To add a new migration file run

surrealx migrate add <description>

which will create a migration file with the name <timestamp>_<description>.sql (e.g. 20230206192324_initial_migration.sql). You can then write whatever SurrealDB statements you want. However because of the current implementation you HAVE TO END ALL YOUR STATEMENTS WITH SEMICOLONS;

We are working on making the migrations implementation better.

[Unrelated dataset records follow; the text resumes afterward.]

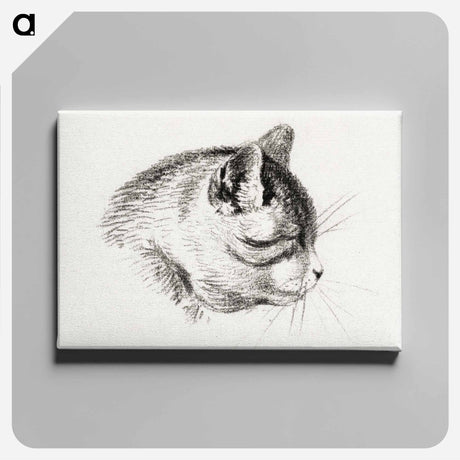 アートパネル-Sketch of a cat - ジャン ベルナール Canvas.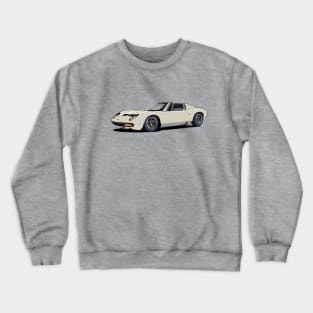 Lamborghini Miura in bianco white Crewneck Sweatshirt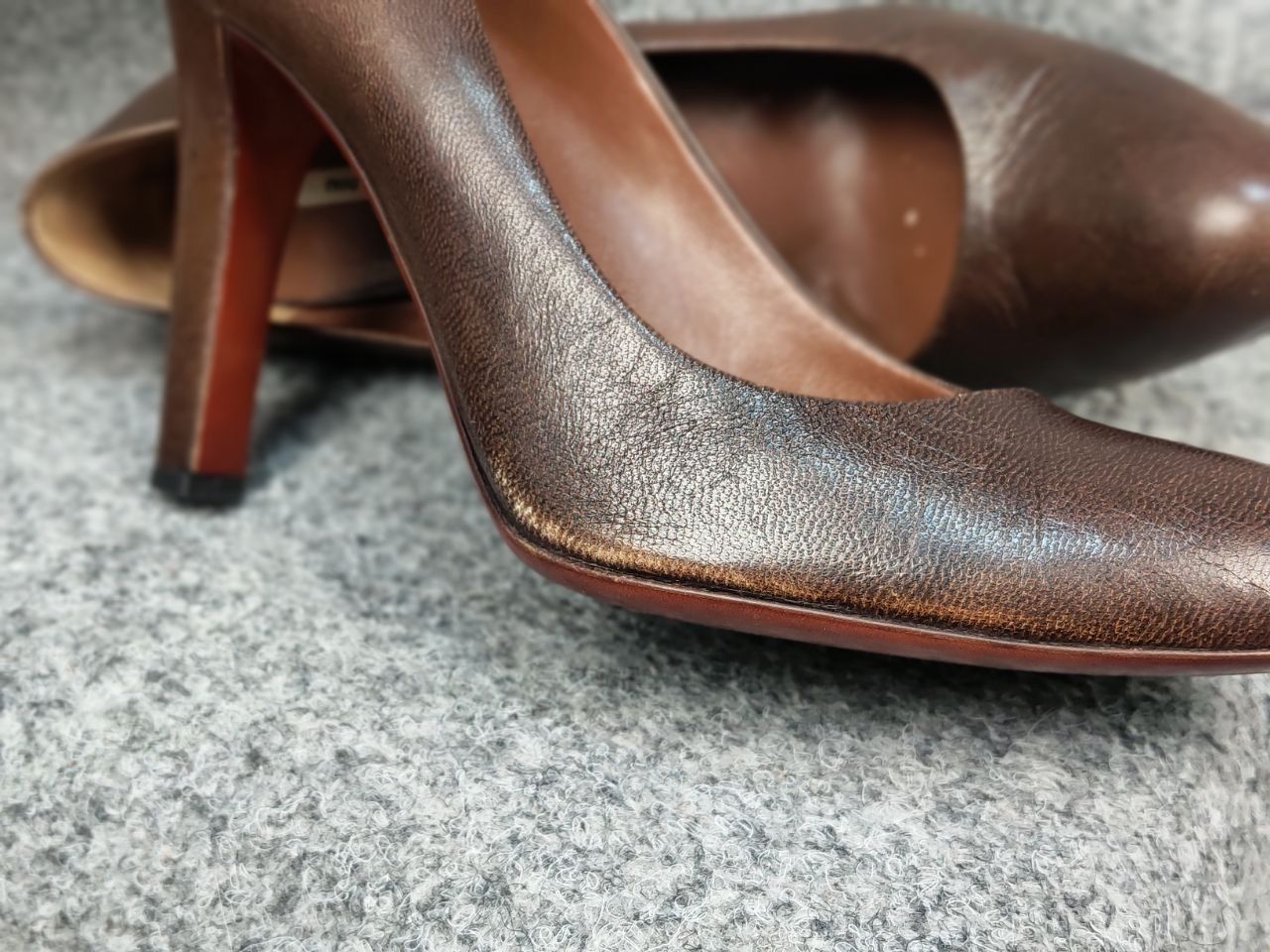 Miu Miu Vintage Luxurious Miu Miu Design Leather Brown Retro Heels Size US 9 / IT 39 - 15 Thumbnail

After you have written all your statements, you can run any pending migrations with

surrealx migrate run

Notes and considerations

[REPLACED] bits in comments.

To every field in a tables type we add a comment specifying how the field was defined. However, sometimes you might have defined a field like this

DEFINE FIELD comment ON TABLE post TYPE string ASSERT $value = /^comment:.*/;

or similar. The issue is that this includes the string */ which is the same as the closing tag of the ts doc comment. There are currently no workaround for this, so hence the [REPLACED].

null and undefined

SurrealDB distinguishes between their Null and None type, which are similar to JS's null and undefined. For instance, if you have the following table

DEFINE TABLE user SCHEMAFULL;
DEFINE FIELD age ON TABLE user TYPE int ASSERT $value != NONE;
DEFINE FIELD name ON TABLE user TYPE string;

and then query it, you get the following results depending on what fields you query for

/**
 * Can return things like
 * [
 *   { age: 1, name: "a" },
 *   { age: 2 }
 * ]
 */
await db.query("SELECT * FROM user");

/**
 * Can return things like
 * [
 *   { age: 1, name: "a" },
 *   { age: 2, name: null }
 * ]
 */
await db.query("SELECT age, name FROM user");

/**
 * And even querying for a non-existing field can return things like
 * [
 *   { age: 1, nonexistent: null },
 *   { age: 2, nonexistent: null }
 * ]
 */
await db.query("SELECT age, nonexistent FROM user");

So depending on what fields you want to query you either get null or undefined. We could potentially support this in surrealX, but have not gotten around to it yet.

In the mean time we strongly suggest using user.name == null for checking if things are null or undefined rather than === (potentially enforced using the eqeqeq linting rule).